Anyone got any one-line funny sayings to share? Here are a few to start us off:

I'd rather have a free bottle in fronta me than a pre-frontal lobotomy.

The butcher backed into his meat grinder and got a little behind in his work.

The optician backed into his lens grinder and made a spectacle of himself.

Why do we drive on a parkway and park on a driveway?

Why do bees live in an apiary, while apes live in a bestiary?


----------



## SoyMac (Apr 16, 2005)

Why are asteroids called that, but hemorrhoids are not?


----------



## MacDaddy (Jul 16, 2001)

A few of my favs:

It's compatible with it's Legacy.
When you have a car that's uncool, you just gotta drive stupid.
Controlled evil is not necessarily bad.
That's my fault originally, but many others are to blame since. 
Please refrain from sucking.
Don't lick your zipper.
The opposite of "weird" is "boring".
Please hold for the next available consumer.
There exists, but you can't get there from here.
There was a memo? That's a little too non-virtual for this group.


----------



## Mac Yak (Feb 7, 2005)

Here are three from some of my (anti)heroes:

"When the going gets weird, the weird turn pro." (Hunter S. Thompson)
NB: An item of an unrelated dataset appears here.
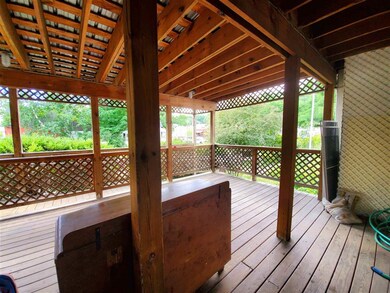 99 Atkinson St, Bellows Falls, VT 05101 - photo 6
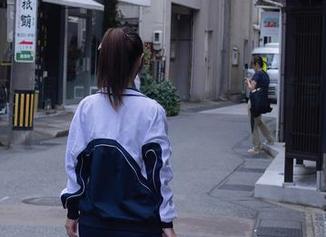 秀人网 - 揭开Suki_baby最新写真，空姐生活的另一面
"I reject your reality, and substitute my own!" (Voltaire)

"Anyone who lives within their means is suffering from a lack of imagination." (Oscar Wilde)

More wonderful Wilde quotes here:

http://www.quotationspage.com/quotes/Oscar_Wilde/


----------



## Mac Yak (Feb 7, 2005)

Some great ones from Groucho Marx:

"Alimony is like buying hay for a dead horse."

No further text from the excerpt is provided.